Tuesday, September 29, 2009

The Kept Woman

Author: Susan Donovan

Samantha Monroe is tired of her life. The fiery red-head was once an artist, but she set that all aside to help support her husband and raise their kids. Unfortunately, 10 years down the road, her husband impregnates her, tells her he's discovered that he's gay and wants a divorce, then proceeds to disappear without a trace. She is now the divorced mother of three trying to make it on a hairdresser's salary. She's got two young teens who are always bickering and a precocious toddler who refuses to be potty trained, which causes no end of trouble in the childcare department. If she could just track down her deadbeat ex and collect the over $50,000 he owes her in back child support, things would be looking up, but after three years she's losing hope that she'll ever see a cent. When she muses tipsily to her friends on their monthly night out that being a kept woman might not be such a bad deal, she sparks an idea in Kara DeMarinis, long time client and friend of Samantha's who also happens to be a campaign manager who's congressional candidate, Jack Tolliver, has a serious image issue. Why not pay Samantha to pretend to be his fiance? She'll get to live in his fancy house for the duration, private school and college trust funds for her kids, and enough money to buy a house when the campaign is over. It's sounds insane to Samantha, but can she really afford to pass it up?

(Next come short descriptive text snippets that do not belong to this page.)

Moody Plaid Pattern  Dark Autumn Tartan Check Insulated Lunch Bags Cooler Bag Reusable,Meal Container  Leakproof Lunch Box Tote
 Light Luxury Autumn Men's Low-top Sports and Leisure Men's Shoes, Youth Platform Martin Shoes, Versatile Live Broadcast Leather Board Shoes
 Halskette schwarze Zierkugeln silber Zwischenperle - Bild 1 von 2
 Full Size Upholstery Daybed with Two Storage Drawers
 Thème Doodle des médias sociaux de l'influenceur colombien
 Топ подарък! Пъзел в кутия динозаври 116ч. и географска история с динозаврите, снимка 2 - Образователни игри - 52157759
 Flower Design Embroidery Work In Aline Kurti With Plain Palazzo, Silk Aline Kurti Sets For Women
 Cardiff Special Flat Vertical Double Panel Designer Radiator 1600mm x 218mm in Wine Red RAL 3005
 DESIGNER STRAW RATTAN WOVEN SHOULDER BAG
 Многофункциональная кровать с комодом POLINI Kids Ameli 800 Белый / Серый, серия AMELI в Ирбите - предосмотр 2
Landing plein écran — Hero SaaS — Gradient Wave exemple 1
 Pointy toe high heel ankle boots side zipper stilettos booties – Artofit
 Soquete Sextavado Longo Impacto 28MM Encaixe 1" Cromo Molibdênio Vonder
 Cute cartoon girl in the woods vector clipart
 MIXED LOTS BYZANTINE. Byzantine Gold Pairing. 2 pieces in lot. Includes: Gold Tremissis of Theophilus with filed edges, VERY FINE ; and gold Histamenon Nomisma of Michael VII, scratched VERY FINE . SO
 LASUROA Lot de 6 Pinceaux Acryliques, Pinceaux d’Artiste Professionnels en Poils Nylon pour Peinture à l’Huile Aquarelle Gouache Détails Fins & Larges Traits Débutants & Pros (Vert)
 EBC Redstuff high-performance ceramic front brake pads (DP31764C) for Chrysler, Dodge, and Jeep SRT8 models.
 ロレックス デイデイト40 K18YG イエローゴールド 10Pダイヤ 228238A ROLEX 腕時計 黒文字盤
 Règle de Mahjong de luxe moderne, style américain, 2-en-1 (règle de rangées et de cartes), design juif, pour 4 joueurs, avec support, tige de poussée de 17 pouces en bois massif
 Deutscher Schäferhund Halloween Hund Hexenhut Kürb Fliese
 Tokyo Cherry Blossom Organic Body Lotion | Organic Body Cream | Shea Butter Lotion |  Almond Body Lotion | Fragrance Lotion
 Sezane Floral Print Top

Jack Tolliver loves his playboy lifestyle and he's not the least bit ashamed of that. He can't get enough of beautiful women, especially red-heads, and has no intention of settling on just one. Due to an unfortunate moment that was caught on video, however, the whole world knows he's a shameless womanizer. As if that weren't bad enough, Christy Schoen, former lover and anchor for Capitol Update has got it in for him. What they say about a woman scorned definitely applies to Christy. She's made it her mission to expose every one of Jack's indiscretions and destroy his political career. Jack's cavalier attitude towards women does not sit well with female voters and family values groups. When the current senator for his state steps down unexpectedly, Jack realizes that this is likely his last chance to be elected. All he has to do is clean up his image, but when Karen DeMarinis suggests he "rent" a fiance, he's pretty skeptical. When he find out she has kids, he's totally against it, but in the end realizes that he has no choice if he's to have a hope in hell of getting elected. He's pretty sure this will all be a huge disaster, but he might be able to pull it off if he can play the doting family man and keep it in his pants until after the election. Then again, maybe he can talk a certain red-head into making their arrangement a little more ... personal.


The thing that most bugged me out of this whole crazy plot was Samantha's ex. He lives on the run because he doesn't have the money to pay child support. That's totally believable, but what gets me is that in all that time he hasn't tried to keep in any kind of contact with his kids. At first he gives the impression that he never even thinks of them. Then the phone calls, which alerts him that he may have been found, gets him to thinking about them and wanting to see them again. When he's told Sam's engaged, the man starts getting all crazy over the possibility of Jack adopting his kids. Most people don't adopt their step-kids, especially not when they're older, like Sam's were. Seems a bit irrational, but since he seems to be missing his kids and doesn't want them to become some other man's, it makes one think that he's realized that his kids are the most important thing in his life and that he may be sorry for what he's done. Then he turns around and blackmails Sam, takes money that was meant to be fore the kids, and tries to wreck things between Sam and Jack. The man's mind made more swings than a pendulum. The only time he seemed the least bit sympathetic was when he was playing Sam. Hated that character. HATED. The reason for Jack's womanizing was understandable, but really lame.